The matrix is scanned in reverse order. By the time (r,c) is processed, the rectangle (r+1,c+1) already contains complete information, which is exactly the region needed by the game transition.
The condition p + 3 <= ... is the compressed form of "the opponent has no winning state for the next sequence position". Using p + 1 would be incorrect because the tables store the smallest winning index of a parity, not an exact index.

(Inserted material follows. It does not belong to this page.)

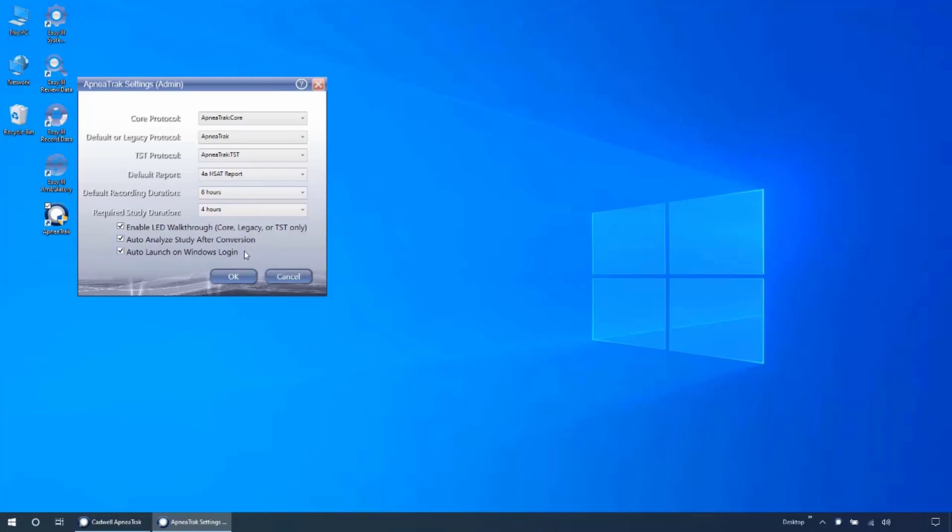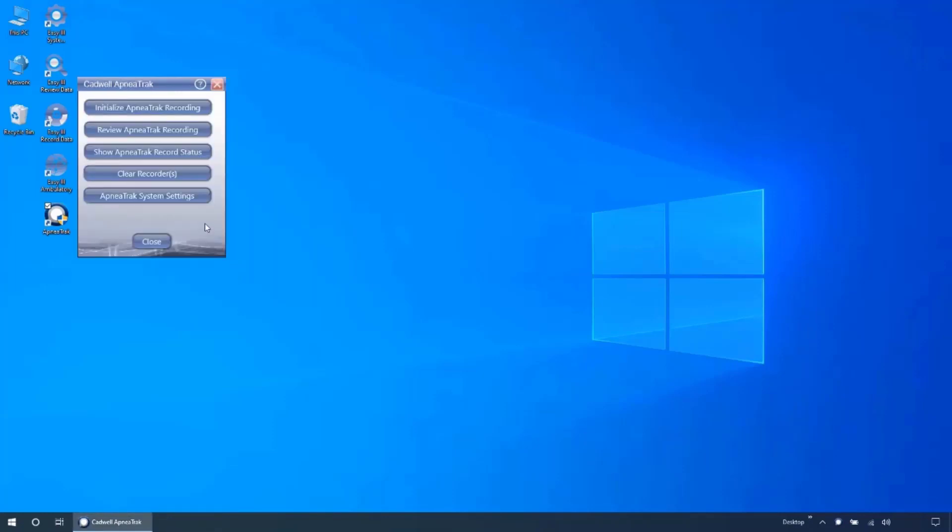Auto-launch on Windows login will determine if ApneaTrak will start with your computer. Disabling this will mean after each reboot, the computer will not be able to automatically detect an ApneaTrak device until the ApneaTrak application has been launched.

The answer is determined entirely by whether sequence index 0 becomes a winning state.
Worked Examples
Sample 1
2 2 3
1 2
1 3 6
4 6 2
| Cell | Value | Stored index p | Update |
|---|---|---|---|
| (2,3) | 2 | 1 | Winning odd state |
| (2,2) | 6 | -1 | Nothing |
| (2,1) | 4 | -1 | Nothing |
| (1,3) | 6 | -1 | Nothing |
| (1,2) | 3 | -1 | Nothing |
| (1,1) | 1 | 0 | Not winning |
Final state:
| Quantity | Value |
|---|---|
| dp0[0][0] | INF |
| Answer | N |
The only possible first move is (1,1). After that, the second player can choose (2,3), which completes the sequence and wins.
Sample 2
2 2 4
1 2
1 1 3 2
4 2 5 1
| Cell | Value | Stored index p | Update |
|---|---|---|---|
| (2,4) | 1 | 0 | Winning even state |
| other cells | mixed | various | irrelevant |
Final state:
| Quantity | Value |
|---|---|
| dp0[0][0] | 0 |
| Answer | T |
The first player chooses the bottom-right 1. The remaining rectangle is empty, so the second player immediately loses.
Complexity Analysis
| Measure | Complexity | Explanation |
|---|---|---|
| Time | $O(nm)$ | Each cell is processed once |
| Space | $O(nm)$ | Two DP tables of matrix size |
The total number of matrix cells over all test cases is at most $3 \cdot 10^6$, so a linear scan per cell easily fits within the time limit. The memory usage stays within the 256 MB limit.
Test Cases
import sys, io
def run(inp: str) -> str:
# paste solve() here
pass
# provided samples
assert run("""3
2 2 3
1 2
1 3 6
4 6 2
2 2 4
1 2
1 1 3 2
4 2 5 1
2 4 2
1 2
3 4
5 6
7 8
8 8
""") == "N\nT\nN"
# minimum size
assert run("""1
1 1 1
1
1
""") == "T"
# value absent from matrix
assert run("""1
1 2 2
5
1 2
3 4
""") == "N"
# choose bottom-right immediately
assert run("""1
2 2 2
1 2
5 5
5 1
""") == "T"
# repeated values
assert run("""1
3 2 2
1 1 1
1 1
1 1
""") == "T"
| Test input | Expected output | What it validates |
|---|---|---|
| 1×1 matrix containing the target value | T | Smallest possible instance |
| Target value absent | N | Immediate losing position |
| Winning move at bottom-right corner | T | Empty suffix rectangle handling |
| Repeated sequence values | T | Compression of equal values |
Edge Cases
Consider
1
1 2 2
5
1 2
3 4
No matrix cell contains 5. The DP never creates a winning state corresponding to sequence index 0, so dp0[0][0] remains infinity and the answer is N.
Consider
1
2 2 2
1 2
5 5
5 1
The cell (2,2) contains 1. Choosing it leaves an empty lower-right rectangle. The opponent has no move, so the state becomes winning immediately and the answer is T.
Consider
1
3 2 2
1 1 1
1 1
1 1
Although the sequence repeats the same value many times, only the first relevant occurrence contributes to the compressed DP. The algorithm still computes the correct winner because it tracks the smallest winning index of each parity rather than storing every occurrence separately.